At a young age, there's no doubt kids would rather be home watching TV than learning algebra. It might be difficult to tell if they're trying to chuck a sickie, but new research has found one way to minimise the risk of being bed-ridden.
According to a new study published in the journal Pediatrics, children who washed their hands with sanitiser instead of soap missed less school, suffered fewer respiratory infections and antibiotic prescriptions.
Recruiting 911 three-year-old children from 24 day care centres in Spain, researchers divided the participants into three groups. The first group used hand sanitiser, the second used soap and water while the remaining volunteers followed their usual hand-washing routine.
The first two groups were under strict hygiene protocols - required to wash their hands before and after lunch, when they got home, after coughing, sneezing or blowing their noses.
Over eight months, 5211 respiratory infections were recorded, resulting in 5186 missed days. According to the findings, the group using hand sanitiser were best off: missing 3.25 per cent of days of day care. Meanwhile, the soap and water group missed 3.9 per cent while those going about their usual business missed 4.2 per cent of days.
Interestingly, washing with soap and water saw a 21 per cent increase in risk of contracting a respiratory infection, including runny noses, congestion, coughing and sore throat.

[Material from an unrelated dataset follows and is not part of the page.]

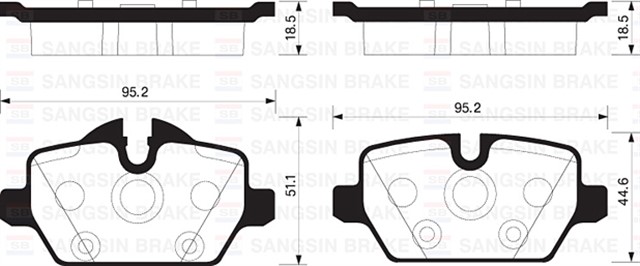 ARKA BALATA BMW E81 02 - 12 E87 04 - 12 F20 10 E90 - E91 - E92 - E93 05 MINI 10 GDB1612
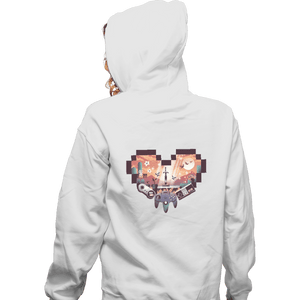 Shirts Zippered Hoodies, Unisex / Small / White Zelda Heart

They were also 31 per cent more likely to be prescribed antibiotics than those using hand sanitiser.
"I think that the main contribution of this paper is its focus on really young children in day care," says chief medical and scientific officer emeritus at the Institute of Healthcare ImprovementDr. Don Goldmann, speaking to abc15.
"I think this does build on previous literature to support the notion that you can reduce the spread of respiratory tract infections in really young kids if you use alcohol hand sanitiser."
Although not part of the study, Goldman suggests the study lacks details about implementing the program.
"If you were in the Bronx in New York and wanted to implement this program, you probably would need to contact the investigators to understand the specifics of what they did and how they did it," continues Goldmann.